November 27, 2011 · No Comments · Common Core Standards, history, Inquiry-Based Instruction, inspirational, literacy, Literacy in Social Studies

Today I was looking for a blog post I wrote on November 22, 2009.  Several things resonate with me as I read. First, the idea of using primary source documents, the student conversations, students making inferences, and the back channel conversations.

I am sitting in a fourth grade classroom sandwiched between two fourthgrade boys at pod of desks listening to an awesome interactive lectureon the first colonist to America. Eight flat desktop desks are pushed together face to face to make a working group. I am listening and enjoying the visuals Mrs.

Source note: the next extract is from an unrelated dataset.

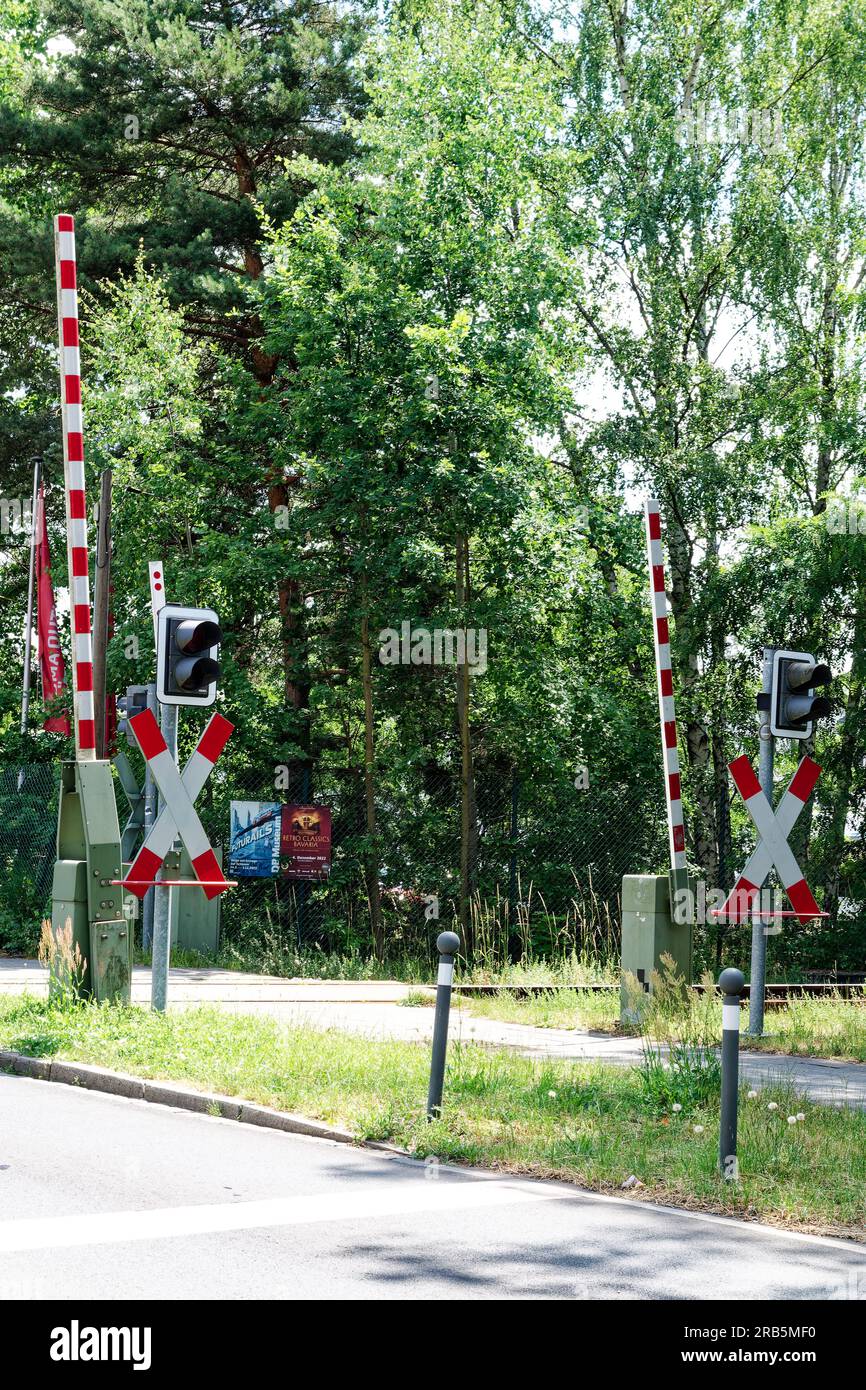 Passage à niveau avec barrières, feux de circulation et St. La croix d'Andrew Banque D'Images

S was using and in awe with the interaction from the kids. Not only were they answering questions the teacher was posing they were sharing inferences about why the colonist came and offering insight
about their difficult life. Mrs. S wonderfully got the kids to think about the explorers as their background knowledge. I enjoyed the
conversation and how intelligently these fourth graders answered and discussed the topic. And this was their introductory lesson. The Images she used made the difference as she told stories about the people and places. This is what social studies is about! The kids enthusiasm was refreshing!

I liked most the part being on the student level in a student desk and listening to their back channel conversations. Yes, kids have those conversations as well. But in amazement they were so connected to the content being presented. The kids would make comments to me and I found myself whispering back as well with my comments. They would whisper a comment to me and I would pose a question to them. From the onset I thought how rude, but for the moment I got caught up in being one of the
fourth grade boys. I forgot about my manners and just enjoyed being a boy. I caught myself raising my hand to answer a question and quickly put it down before Mrs. S saw me (or anyone else).

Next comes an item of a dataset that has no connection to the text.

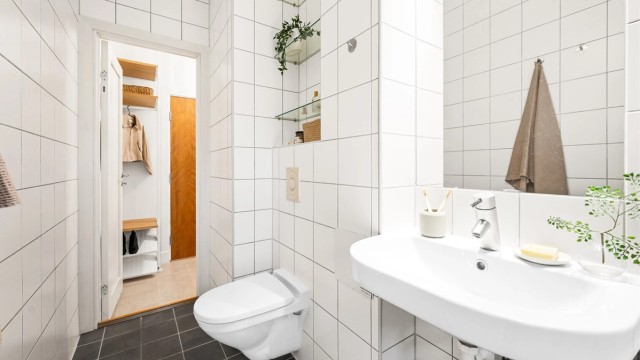 Baderommet er fra 2002 og har flislagt gulv med varmekabler samt flislagte vegger.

The young man beside me who was the perfect Spanky from the Little Rascals was sitting there quietly. Now let me remind you that Spanky was a genious and probably knows more about history than me. Constantly he had the last say in whispers to me as Mrs. S taught.  I notice Spanky was inconspicuously eating a bag of CheZ Its from his desk. I noticed a few other kids eating so I thought it was okay; therefore, I kept my mouth closed. Moments later Spanky- my new pal- punched me in the shoulder. Holding a ChezIt in his hand and holding it toward me! “Have one! Are you hungry!” I froze in time as I starred at it because I don’t like to turn down food and the word “yes” started surfacing.  I caught myself and reality sat in again. I was back to being a classroom observer.

Later in the day I ran into Spankie  in the hallway and he stopped. “Hey, Mr. G, Isn’t Msr. S a wonderful social studies teacher! She
knows how to make learning fun!” “You know, you are right!” How amazing this kid!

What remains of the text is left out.